INFORMATION PROVIDED:
- Opening Delimiter -
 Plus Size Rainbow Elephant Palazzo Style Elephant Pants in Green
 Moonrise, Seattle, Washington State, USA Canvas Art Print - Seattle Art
- Closing Delimiter -
- Opening Delimiter -
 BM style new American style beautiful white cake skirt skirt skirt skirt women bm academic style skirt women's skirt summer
- Closing Delimiter -
- Opening Delimiter -
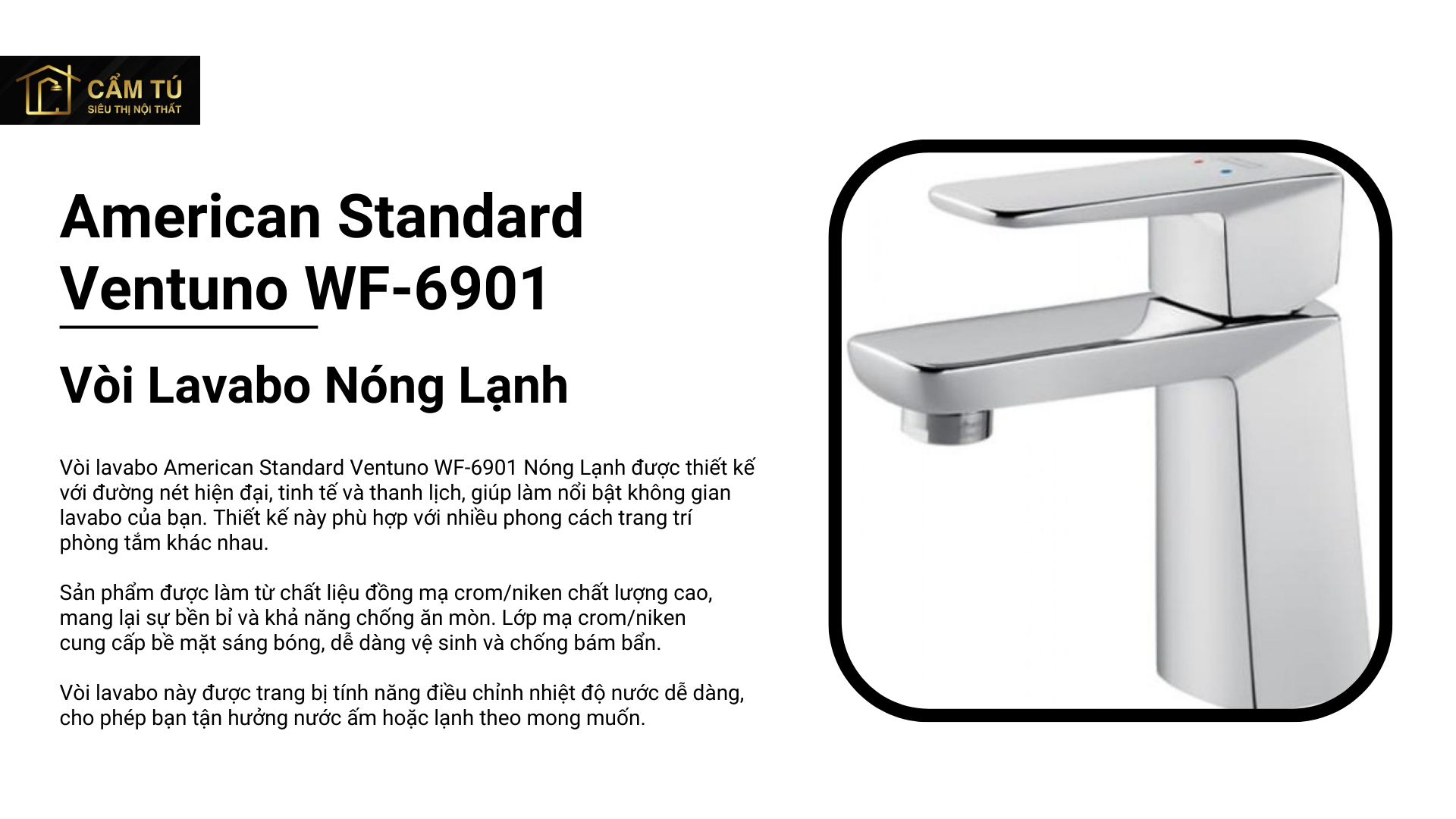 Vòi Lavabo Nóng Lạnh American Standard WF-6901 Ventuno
- Closing Delimiter -
WHAT IS REQUIRED: Given the records above, restate word for word only the lines starting at the one with "Plus Size Rainbow" and ending at the one with "Moonrise, Seattle, Washington".

PROBLEM SOLUTION:
 Plus Size Rainbow Elephant Palazzo Style Elephant Pants in Green
 Moonrise, Seattle, Washington State, USA Canvas Art Print - Seattle Art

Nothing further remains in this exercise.